Many parents approach parenting, especially parenting teenagers, with the goal of “behavior control.” That is, many parents simply want to keep their children from certain behaviors (such as failing out of school, doing drugs, or getting pregnant). When a parent approaches their parenting in this manner, they may accomplish their goal, but they will most likely fail on the larger goal of creating biblically wise adults.
Let me give you an example. Most parents do not want to see their teenage daughters get pregnant. This is certainly a noble goal. However, if my goal in parenting is behavior control, then there are many ways in which I could accomplish the goal of keeping my daughter from getting pregnant. Here are two: 1) I could isolate my daughter so that she doesn’t come in contact with boys, or 2) I could put my daughter on the pill so that she can have sex but not get pregnant. Do these options accomplish the goal of keeping my daughter from getting pregnant? Yes. Do these options accomplish the goal of creating a biblically wise adult? No.
When we parent to behavior control we are not instilling biblical wisdom. In the example above, we have done nothing to teach about God’s view of sexuality and sex, we have done nothing to foster a concern for purity, we have done nothing to equip her for when she is off at college alone!
I believe that behavior control is effective for infants and very young children. But as they begin to develop toward adolescence, we must move from behavior control and move toward a parenting style that will teach and create a biblically wise adult.
There are two very important quotes that you should read. They will make this post rather long, but they make my point better than I can:
“The goal of parenting is not behavior control. It is not merely to produce well-mannered children. It is not to teach our kids socially commendable behavior. It is not to make them polite and respectful. It is not to make them obedient. It is not to get them to perform to our approval. It is not to conform them to a moral standard. It is not to give us, as parents, something to be proud of…The ultimate goal and proper focus of Biblical parenting is redemptive…Don’t just teach your children external self-control; train them to understand temptation and resist it. Don’t just teach them manners; teach them why pride is sinful and why greed, lust, selfishness, and covetousness dishonor God. Punish them for external offenses, but teach them that the root issue is always a deeper problem – corruption of their hearts. When you correct them, don’t do it merely to satisfy you as the offended, irritated, frustrated parent. That’s anger; it’s vengeance. But when you correct them, help them to se that it is first of all God who has been offended and that He offers reconciliation through Jesus Christ.” (John MacArthur, Successful Christian Parenting, 148ff)

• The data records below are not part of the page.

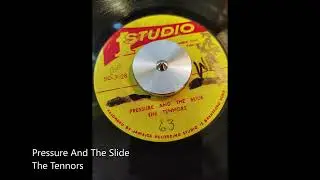 Pressure And The Slide-The Tennors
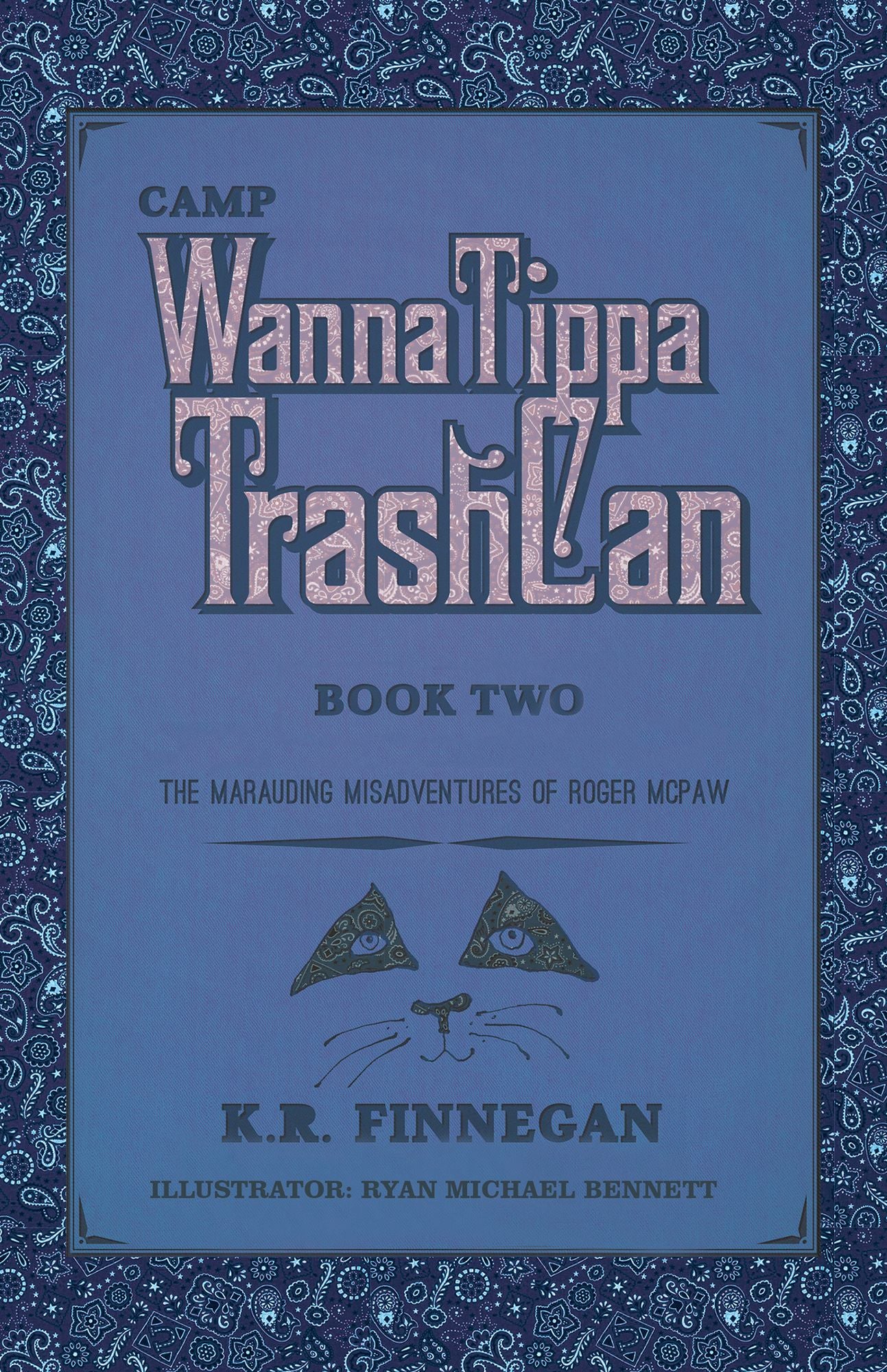Camp Wannatippatrashcan: The Marauding Misadventures of Roger Mcpaw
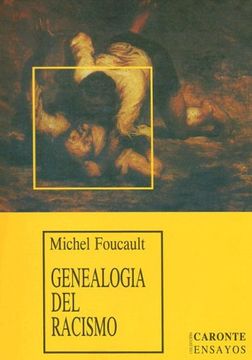 portada Genealogia del Racismo (in Spanish)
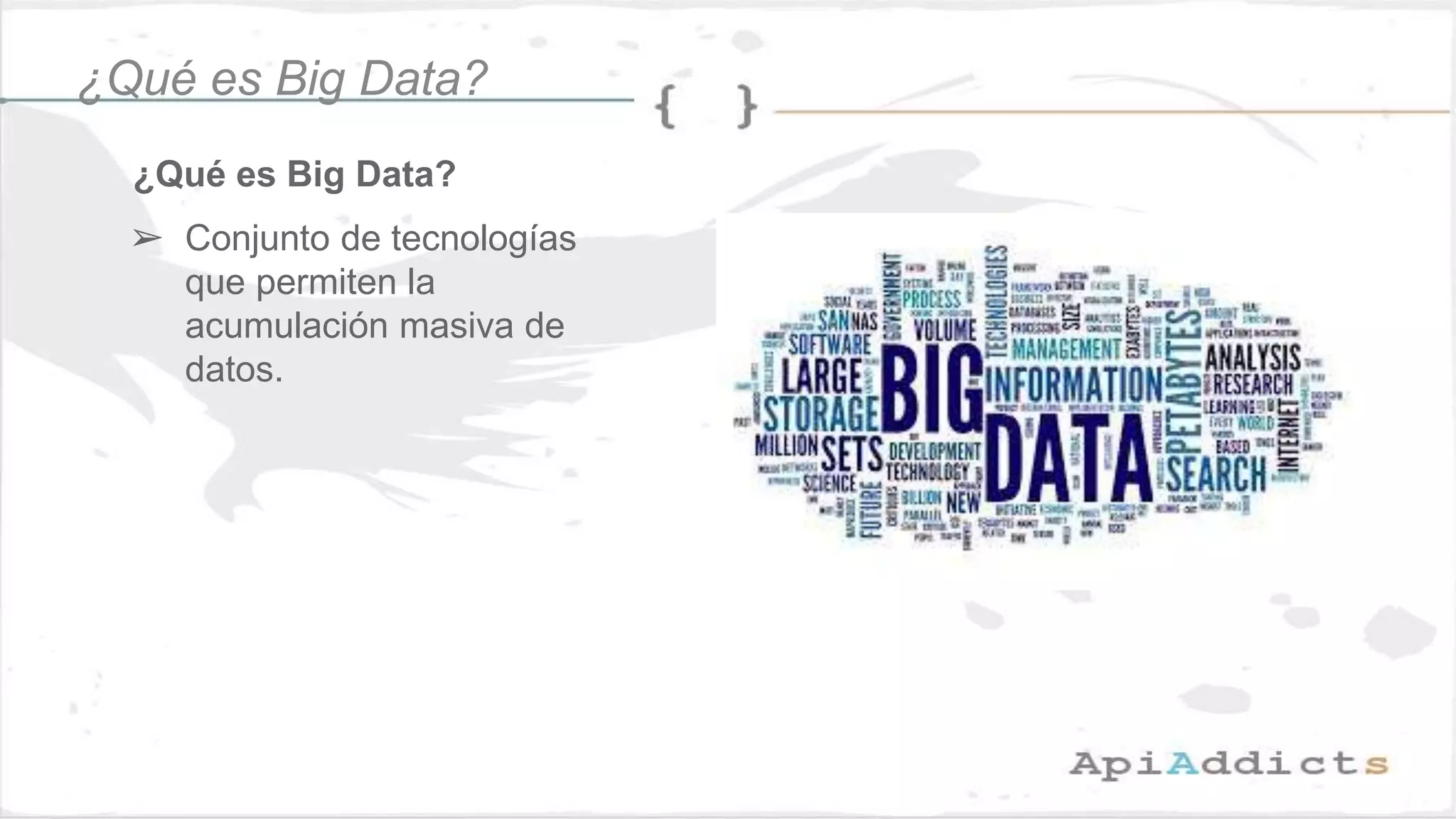 ¿Qué es Big Data?
¿Qué es Big Data?
➢ Conjunto de tecnologías
que permiten la
acumulación masiva de
datos.
 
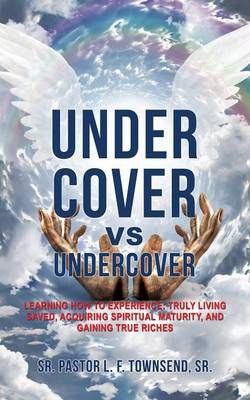 Under Cover vs Undercover By Pastor L F, Sr Townsend 9781498463966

“Most parents I have worked with have this goal: to get their children to do what is right. Their goal is to control, direct, or guide the behavior of their children. To them, this is the heart of Christian parenting. So John, who has gotten poor grades, is forbidden to watch television until his grades are better, and Sue, who didn’t return her sister’s blouse after she borrowed it without asking, is told that she cannot borrow anyone’s clothes for six weeks. Solutions? Yes, outwardly, but no change of heart…We need to ask why Sue thinks it is her right to take the possessions of others without permission and with no sense of obligation to return them. What is it about the way she thinks about herself and others that makes this acceptable to her conscience? It is not enough to place behavioral boundaries around her. Our goal is to be used by God to expose and nurture the hearts of our children so that they want to behave in ways that please the Lord.” (Paul David Tripp, Age of Opportunity, 48ff)
March 19, 2008 at 4:07 pm
On the surface it appears that you are saying it’s an either or approach, but isn’t it really both. Can’t I teach my daughters about God’s view regarding sex and teach her the value of purity and institute some “behavior control” as well? Isn’t there a middle ground between the two extremes you listed as examples?
March 20, 2008 at 12:16 pm
You are correct…we shouldn’t go to extremes. This will be evident in future posts. However, when it comes to motivation and purpose, behavior control cannot be the goal. It is too short-term and prevents us from effectively teaching our kids. But in practice, some behavior control techniques will be used (though not the pill!)